Les miroirs sont les excréments d’éternité de la lumière.
Se regarder dans le miroir est identique à abolir l’espace entre ses deux yeux.
Le narcisse ne désire pas son image dans le miroir. Le narcisse désire le miroir lui-même. Le narcisse désire la substance de substitution du miroir lui-même.
Le narcisse vit la totalité de sa vie sans jamais apparaitre seul. Le narcisse ne voit jamais aucun homme autour de lui. En effet, le narcisse pense qu’il est l’être humain exclusif de l’univers et il estime que les objets qui se manifestent autour de lui n’ont pas d’autre fonction que celle d’être ses miroirs.
Le narcissisme est une sorte de prestidigitation oculaire. Le narcissisme est la prestidigitation de fermer les yeux sans fermer les paupières.
Les hommes modernes vivent de telle façon qu’ils peuvent se regarder sans gêne dans le miroir. S’ils ne sont pas gênés lorsqu’ils se regardent dans le miroir c’est parce que le miroir est ce qui à chaque seconde les génère. Le miroir à chaque seconde les génère à travers les ultimatums de virginité de la gloire. Le malheur est que c’est exclusivement devant les miroirs qu’ils peuvent faire croire qu’ils vivent de façon digne. En l’absence de miroir ils ne sont que des spectres informes, c’est la raison pour laquelle ils sont obligés d’emporter partout avec eux un miroir virtuel en tant qu’instrument témoin de leur survie.
L’homme produira sans doute à l’avenir une machine d’auto-surveillance incessante de son propre visage. Cette machine déterminera conceptuellement à chaque seconde la structure des traits du visage et la structure des sentiments qui modifieront ses traits. Cette machine produira ainsi une sorte de chirurgie à la fois esthétique et affective qui accomplira un contrôle permanent de l’image humaine. L’homme sera alors masqué à travers le changement même de sa pensée.
Le miroir est la plus stupide des surfaces d’inscription. Le miroir n’est en effet saturé que de traces de gomme.
L’image dans le miroir est similaire à une photographie qui ne subsiste qu’à condition d’anéantir la feuille de papier sur laquelle elle a été développée.
Lorsque l’incertitude du miroir désire l’homme, l’homme ne sait pas alors comment relire ce que son charme a écrit.
Chaque miroir est un désert érudit.
Le miroir mime un désert de meurtres indécidables.
La vanité de l’homme est la sincérité de son cadavre.
La vanité est le désir de changer son visage en nombril de cristal.
Le vaniteux meurt empoisonné à travers les postillons d’impatience du miroir.
La vanité est le désir d’être reconnu singulier sans avoir la volonté d’apparaitre seul.
La vanité est le désir de libérer la prison d’ubiquité de son sosie.
Ecouter en société les échanges de stéréotypes entre son visage et son ombre est le signe d’une vanité vulgaire.
L’homme vaniteux est satisfait d’être l’impossibilité de rêver d’un autre homme qui pourtant n’est pas encore né.
Le sosie n’est jamais monstrueux.
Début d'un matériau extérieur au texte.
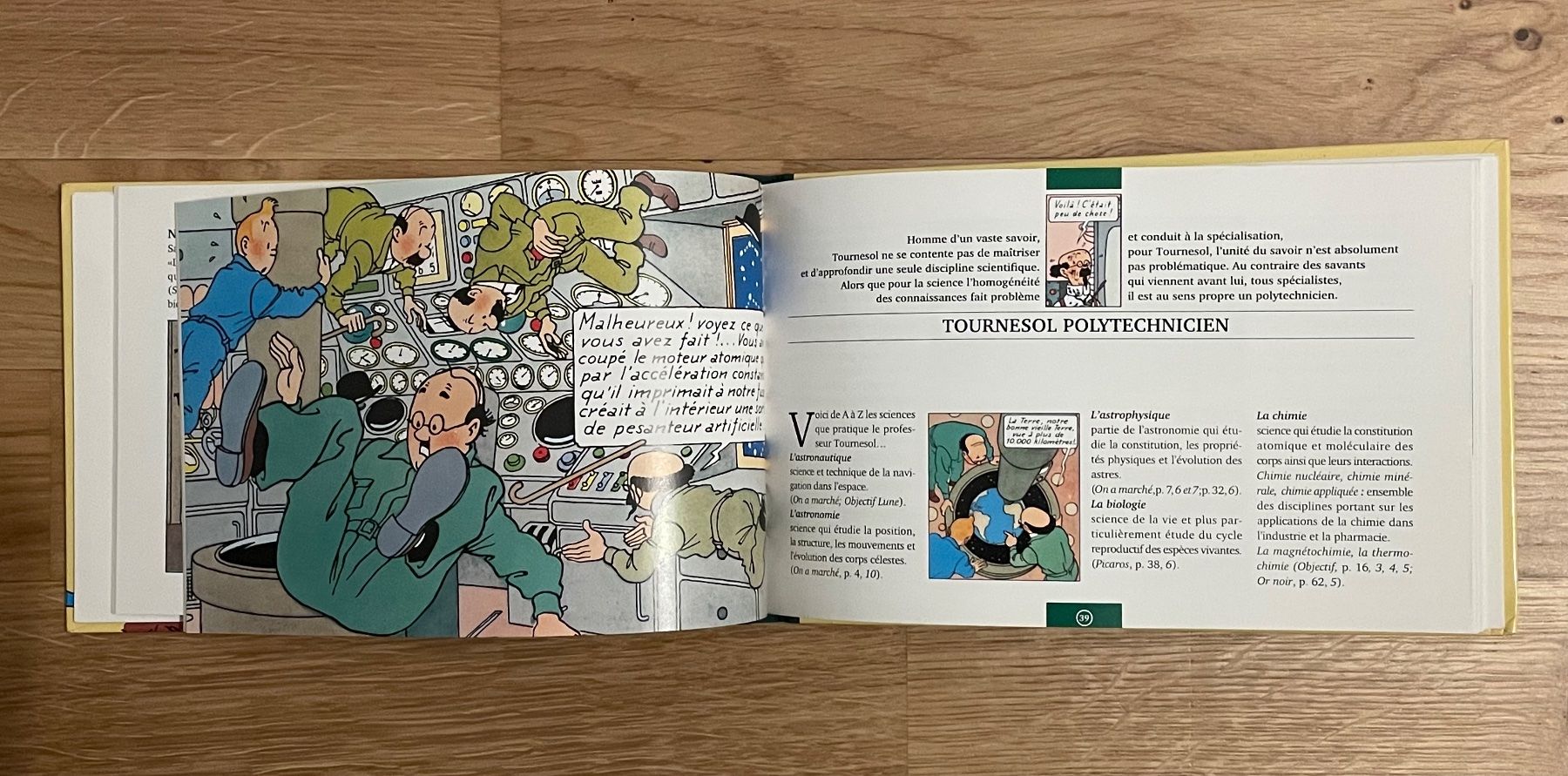 Fumetti: LE TOURNESOL ILLUSTRÉ – Usato da Lausanne venduto da gaugau61 3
Le sosie est le suppôt de parthénogénèse de la justice qui interdit la monstruosité.
Il est impossible de rompre avec son sosie. Il est impossible de se détacher de son jumeau ombilical. En effet ce sosie est le suppôt même de la scission, ce jumeau est le représentant même du détachement.
Il est impossible de savoir quelle est l’influence mentale des images projetées sur un visage.
Le miroir change la joie d’exister en dehors de l’être en frayeur d’être au-delà de l’existence.
Celui qui désire que tous ceux qui le voient l’adorent éternellement, s’interdit de rencontrer le miracle mortel de l’amour.